Aniden arkamda hissettiğim o pis ve haince auranın sebebini düşünürken bir anda sırtıma inen tekme ile öne doğru yalpalanmam bir olmuştu! Bu güçlü bir tekmeydi ama moruğun tekmesinin yanında bir hiçten ötesi olmayacağından, hafif bir sızlanma yeterli olmuştu. Arkama doğru dönüp pis pis baktığım o anda bana vuranın ve haince auranın kimden öldüğünü görmüştüm! Bu piç, şerefsiz Daichiydi. Kendisine laf sokan Bishamon'u kurtarmıştı. Oysa ne güzel işkence ediyordum, ağlamasına veya istemsizce göz yaşı dökmesine ramak kalmıştı. Kemiklerine uyguladığım baskının ne şiddete olduğunu sadece o değil, bende hissediyordum. Arkamı döndüğümde ise tek gördüğüm şey şerefsiz Daichi'nin pis sırıtışı değildi. Yürümekte olan hocamızın alana vardığını ve tam Daichi'nin arkasında oldukça ürkütücü bir şekilde baktığını görmüştüm! Altıma sıçmamak elde değildi! Korku kitabından fırlamış o korkunç yaratık gibi bakışları iliklerime kadar titretiyordu ama bu çok sürmemişti. Daichi'nin kafasına geçirmesi ile bu korku yerini büyükçe bir kahkahaya bırakmıştı. Bildiğin ellerimi karnıma doğru götürmüş, dilimi şeytan gibi çıkartmış kahkaha atıyordum. Gözüm bir göt üstü yere düşmüş Daichi'de birde tayt giyen gay hocamızdaydı. Daichi'nin ayağı kalkıp hocaya kafa tutması ile bu kahkaham çok daha büyümüştü.

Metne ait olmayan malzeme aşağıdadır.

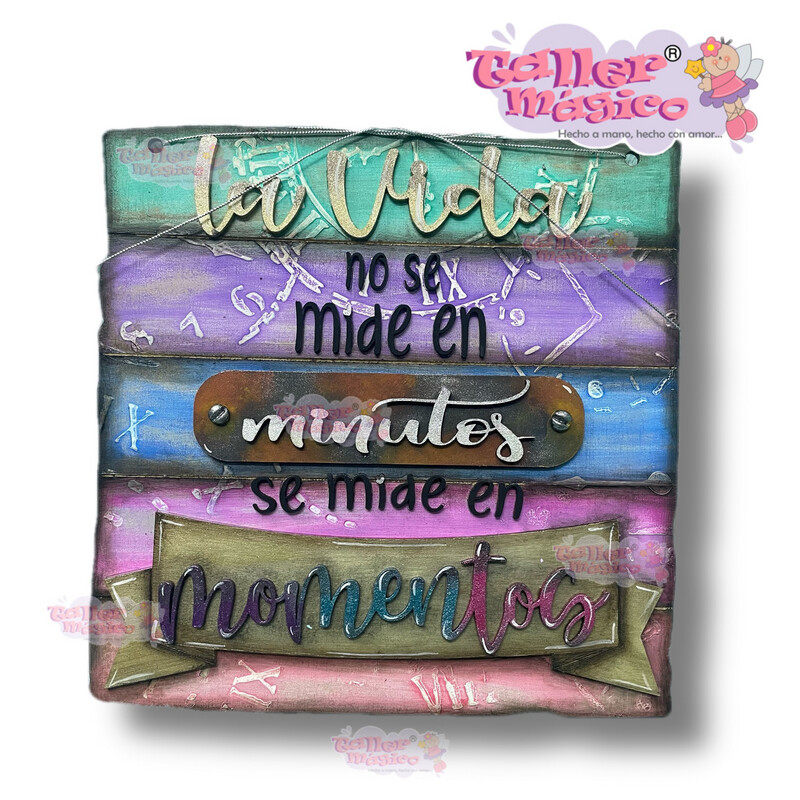 LETRERO LA VIDA SE MIDE PINTADO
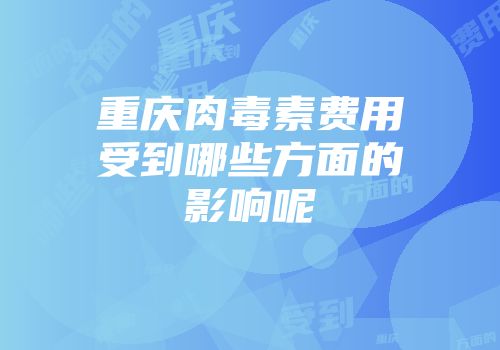 重庆肉毒素费用受到哪些方面的影响呢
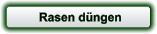 Rasen düngen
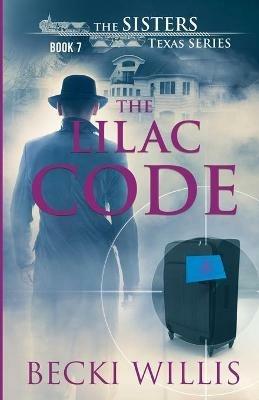 The Lilac Code: The Sisters, Texas Mystery Series - Becki Willis - cover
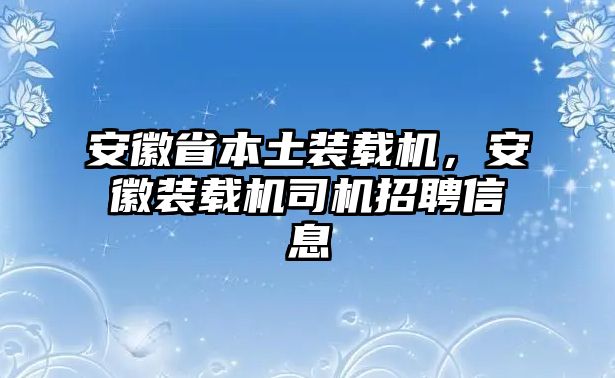 安徽省本土裝載機，安徽裝載機司機招聘信息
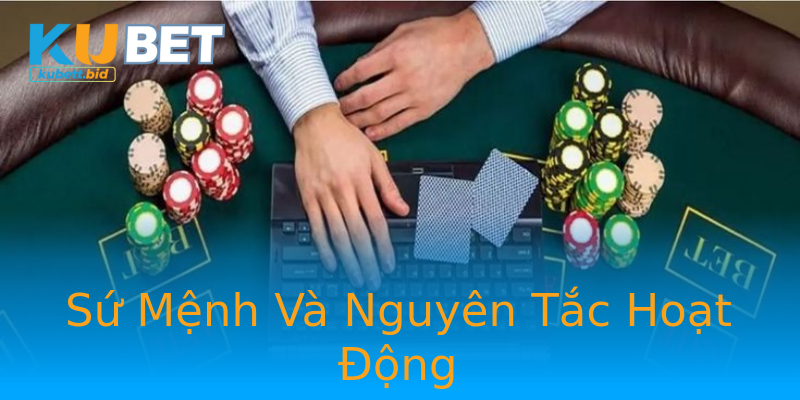 Sứ Mệnh Và Nguyên Tắc Hoạt Động Sứ Mệnh Và Nguyên Tắc Hoạt Động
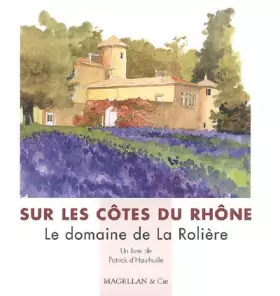 Couverture du produit · Sur les Côtes du Rhône: Le domaine de La Rolière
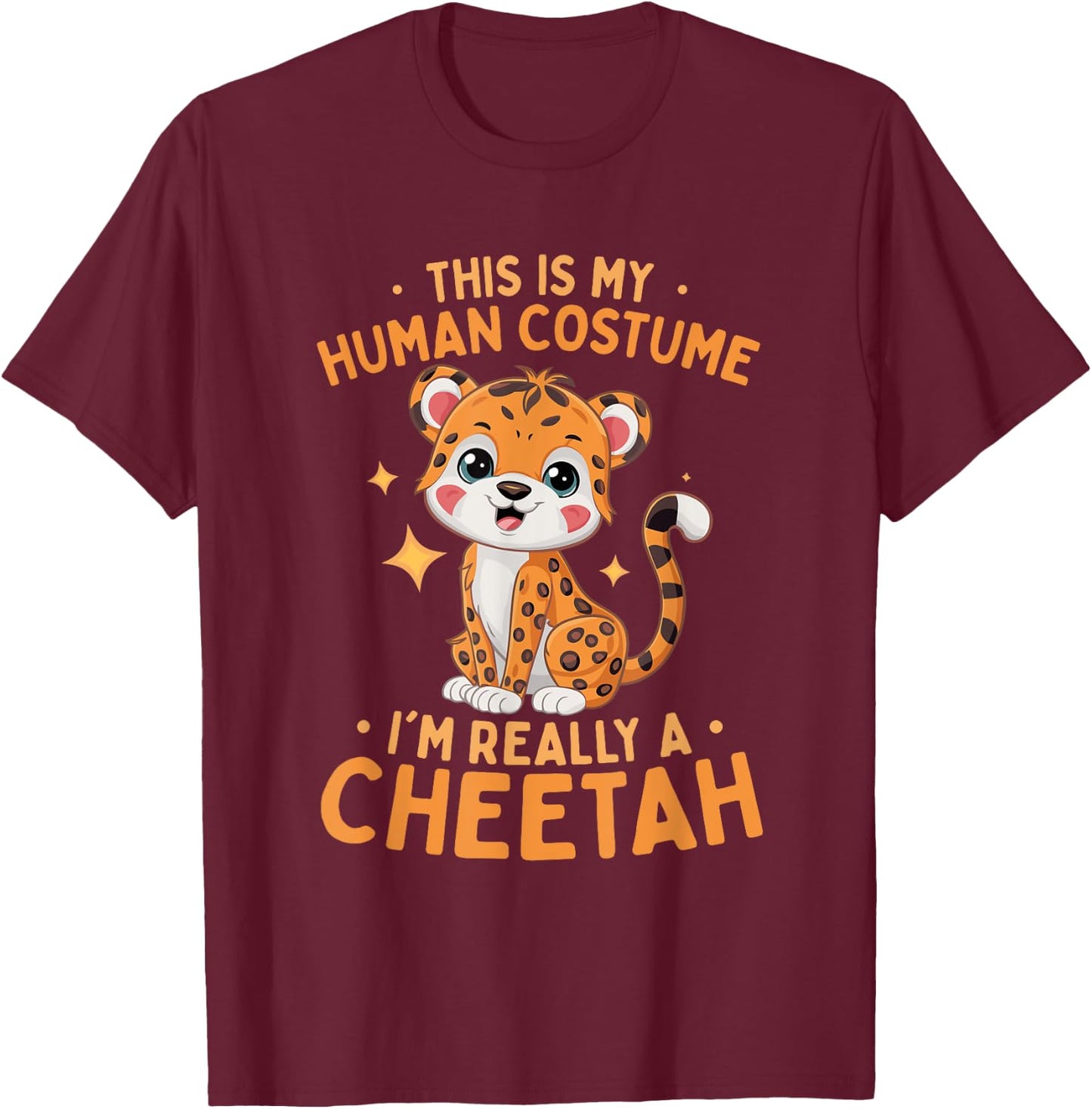 Cheetah Kids This Is My Human Costume I'm Really A Cheetah T-Shirt - T-Shirt | Maroon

O sırada Bishamon araya girmiş ve benim gibi Daichi'nin dayak yemesinden zevk almış bir şekilde hocanın götünü yalayıp benide dövmesini rica etmişti. Kaşlarımı çatıp kafasına bir tane şaplak geçirdiğimde hocada Daichi'yi dövmeyi bırakıp Bishamon'u dövmeye başlamıştı. Kendimi yerlere atıp deli gibi yuvarlanarak kahkaha atmam elbette normaldi! İki tane mızrağı ile sağlı sollu Bishamon'a girişmişti resmen. Bishamon'un yediği dayaktan boşluk bulup sövmeye başlaması ile bu kahkaham çok da büyümüştü. "Eline sağlık hocam! Vurun ibnelere." dediğimde, hassiktiri çekmemde bir olmuştu. Hocanın öfkeli gözleri bana kenetlenmiş ve Daichi'yi dövmeyi bırakıp bana doğru yönelmişti. İki dizini büküp sıçma pozisyonuna girdiğinde yerde uzanan benim dibime kadar gelmiş ve kel kafamı önce bir okşamıştı. Bir kere, iki kere, üç kere derken dördünce kafama öyle bir şaplak atmıştı ki içimden sövmeye başlamam ışık hızıyla başlamıştı! Kafamda oluşan kızarıklık geçmeden elindeki mızraklar ile acımadan vuruyordu şerefsiz. Dakikalarca yediğim dayakla üçümüz arasında en çok dayağı ben yemiştim. Sona kalmanın zararları buydu işte. Hocanın dikkatini çekecek başka bir aptal daha yoktu maalesef grubumuzda.
Üçlü arasında en dayanıkklı yine ben olduğumdan derin derin soluyup: "Senin yeddi ceddini sikeyim! Şikayet edecem seni, seni babama dövdürecem sürüm sürüm sürdürecem annesiz piç. Kimsin lan sen?" diye haykırıp ikiliye katılmam bir olmuştu. Sonra ne mi olmuştu? Tabuichi mızraklarını toprağa dayamış ve kollarını sıvayıp, gözlerini devirmişti. "İFLAH OLMAZ ORUSPU ÇOCUKLARI, GELİN BURA!" Deyip üzerimize doğru çullanması ile sızlayan kemiklerimi umursamayıp ayağı kalkmam ve arkama bakmadan koşmam bir olmuştu. Diğerleri umurumda değildi anası sikilsin oruspu çocuklarının! Kaçarken arkama doğru: "OÇ TABUİCHİ SENİN GİBİ HOCAYI SİKEM." diye bağırıyordum.